Direi che la cosa fondamentale è il poter avere una cultura multipla nella quale possano essere compresenti più punti di vista per valutare e vedere. Avere un unico criterio impoverisce e non dà apertura ad esperienze nuove che ogni paziente propone. Se uno ha un criterio unico rischia di regolare tutto con quello e non si apre all’esperienza. Ogni paziente apre ad un mondo che se si è in grado di ascoltare arricchisce, se al contrario lo si condiziona, nel senso di selezionare quel pezzo dal tutto che corrisponde al tuo unico vertice, invece di allargare, come ho già detto, impoverisce.
L’ascolto vero del paziente obbliga a mettere in discussione lo strumento che si usa per poterlo aiutare veramente.
Tutto questo io ho avuto la fortuna di viverlo non solo nell’incontro con diversi criteri clinici ma anche nell’incontro di diversi modelli culturali, Cile, Argentina, Inghilterra, America,Italia e tutte queste situazioni sento sono state per me di un grande arricchimento.
Dei vari modelli teorici incontrati?
Importantissimi per parlare e riflettere e studiare tra noi ma il problema centrale rimane la capacità di ascolto del paziente..di poter ascoltare e sopportare tutto ciò che porta il paziente… Non si cambia la persona applicando le conoscenze che servono a te per pensare…Queste ci devono essere, ma per arricchire il proprio pensiero e la propria conoscenza.
Quanto ha contato la formazione e il lavoro con bambini e adolescenti?

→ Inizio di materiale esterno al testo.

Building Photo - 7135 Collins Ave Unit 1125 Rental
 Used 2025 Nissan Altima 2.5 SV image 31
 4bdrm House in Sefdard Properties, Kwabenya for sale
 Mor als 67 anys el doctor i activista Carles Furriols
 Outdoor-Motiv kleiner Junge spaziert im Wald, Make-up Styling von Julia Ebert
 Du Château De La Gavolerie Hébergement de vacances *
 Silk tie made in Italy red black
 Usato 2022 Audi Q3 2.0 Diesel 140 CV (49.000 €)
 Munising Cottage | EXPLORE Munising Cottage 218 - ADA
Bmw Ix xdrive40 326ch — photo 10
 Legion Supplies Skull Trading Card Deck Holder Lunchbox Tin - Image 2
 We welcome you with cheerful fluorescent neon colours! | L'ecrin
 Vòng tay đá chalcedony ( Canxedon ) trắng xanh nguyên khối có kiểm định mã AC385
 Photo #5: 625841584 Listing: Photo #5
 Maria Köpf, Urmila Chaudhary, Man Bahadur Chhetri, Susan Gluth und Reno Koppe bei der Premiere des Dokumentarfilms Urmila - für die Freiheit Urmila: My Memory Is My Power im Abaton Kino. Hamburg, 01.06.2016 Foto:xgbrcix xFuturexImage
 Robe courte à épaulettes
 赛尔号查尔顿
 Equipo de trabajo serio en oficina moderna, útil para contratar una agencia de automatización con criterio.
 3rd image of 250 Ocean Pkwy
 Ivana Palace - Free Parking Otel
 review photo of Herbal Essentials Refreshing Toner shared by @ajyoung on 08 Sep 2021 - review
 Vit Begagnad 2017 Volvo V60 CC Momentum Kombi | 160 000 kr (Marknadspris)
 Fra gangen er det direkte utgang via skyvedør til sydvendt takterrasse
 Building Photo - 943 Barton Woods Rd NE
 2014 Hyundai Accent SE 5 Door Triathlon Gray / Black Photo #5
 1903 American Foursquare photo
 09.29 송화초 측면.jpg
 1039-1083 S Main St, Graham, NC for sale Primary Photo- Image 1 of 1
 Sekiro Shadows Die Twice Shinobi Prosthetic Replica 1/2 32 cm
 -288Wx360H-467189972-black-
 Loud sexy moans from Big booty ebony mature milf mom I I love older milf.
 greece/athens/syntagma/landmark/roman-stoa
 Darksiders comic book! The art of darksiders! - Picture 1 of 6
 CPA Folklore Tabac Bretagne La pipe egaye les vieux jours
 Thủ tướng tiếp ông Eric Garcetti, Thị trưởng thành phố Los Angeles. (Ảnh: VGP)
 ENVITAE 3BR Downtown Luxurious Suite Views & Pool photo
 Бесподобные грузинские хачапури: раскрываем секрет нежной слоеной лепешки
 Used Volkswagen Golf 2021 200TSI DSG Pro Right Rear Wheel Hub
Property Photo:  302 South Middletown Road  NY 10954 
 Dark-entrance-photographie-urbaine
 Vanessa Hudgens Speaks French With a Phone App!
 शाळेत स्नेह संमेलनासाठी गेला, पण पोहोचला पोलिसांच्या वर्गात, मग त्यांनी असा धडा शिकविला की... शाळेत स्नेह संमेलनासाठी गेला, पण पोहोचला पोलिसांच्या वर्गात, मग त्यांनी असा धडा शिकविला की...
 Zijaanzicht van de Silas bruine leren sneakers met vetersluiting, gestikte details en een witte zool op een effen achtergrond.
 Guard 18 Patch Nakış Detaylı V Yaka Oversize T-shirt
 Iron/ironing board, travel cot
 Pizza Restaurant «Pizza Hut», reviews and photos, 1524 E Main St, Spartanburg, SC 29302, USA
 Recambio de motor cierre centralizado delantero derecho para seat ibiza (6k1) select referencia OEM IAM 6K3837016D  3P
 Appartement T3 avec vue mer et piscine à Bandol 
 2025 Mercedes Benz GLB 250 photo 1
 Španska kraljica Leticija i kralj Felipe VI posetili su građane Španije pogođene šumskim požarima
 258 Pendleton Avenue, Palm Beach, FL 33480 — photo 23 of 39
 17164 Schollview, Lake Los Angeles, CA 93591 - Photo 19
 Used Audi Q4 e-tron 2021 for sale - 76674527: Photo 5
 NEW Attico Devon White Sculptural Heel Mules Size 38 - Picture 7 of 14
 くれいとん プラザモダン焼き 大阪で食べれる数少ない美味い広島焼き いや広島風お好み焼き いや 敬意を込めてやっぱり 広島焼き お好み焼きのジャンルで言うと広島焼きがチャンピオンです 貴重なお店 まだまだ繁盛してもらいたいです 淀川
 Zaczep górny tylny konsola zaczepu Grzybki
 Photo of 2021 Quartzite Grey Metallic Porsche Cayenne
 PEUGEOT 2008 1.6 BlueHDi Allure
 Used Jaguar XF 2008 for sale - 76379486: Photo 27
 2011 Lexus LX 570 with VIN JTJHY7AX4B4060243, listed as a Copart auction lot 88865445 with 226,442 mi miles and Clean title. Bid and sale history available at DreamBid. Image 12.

E’ stata per me importantissima. Poter vedere in partenza come si vanno sviluppando le possibilità delle persone, le loro fantasie, l’intelligenza, la personalità.
Nel lavoro con i bambini piccoli, attraverso lo strumento prezioso che è il gioco, si entra nella conoscenza di come si sta sviluppando quel bambino o quell’adolescente che si trova non solo con la difficoltà del futuro, ma anche con un’infanzia ancora troppo vicina.
Queste esperienze di analisi consentono all’analista di muoversi nella comunicazione anche con il gioco, favorendo così una maggiore libertà di quanto le sole parole con l’adulto forniscano .
Questa ricchezza di analisi con bambini, adolescenti, adulti e anche persone più grandi di me, che già sono vecchietta, fornisce un importante strumento di lavoro che vale per ogni paziente e che poi diventa ulteriore arricchimento per l'analista.... e questo è fondamentale nella nostra libertà di movimento mentale per avvicinare quella persona che è sempre unica.
La ricchezza che uno ha, viene comunicata con le emozioni oltre che con la parola.
Che diresti agli analisti oggi?
Essere attenti non solo a capire i pazienti, ma in modo particolare essere attenti alle proprie limitazioni personali. Se uno ripeto, ha un tipo di convinzione che non gli permette, che non dà la libertà di seguire un determinato paziente, di mettersi in discussione e rinunciare a credenze o convinzioni sue, è meglio che lasci quel paziente a qualcuno che lo può aiutare meglio. E’ più opportuno e più onesto che quel paziente che crea tanta irritazione per esempio non pensabile, possa essere visto da un altro, proponendo al paziente una esperienza che va al di là di ciò che insieme si può fare.
E Ignacio Matte Blanco ?
(Mi risponde sorridendo ) Con lui ho imparato e vissuto giorno e notte.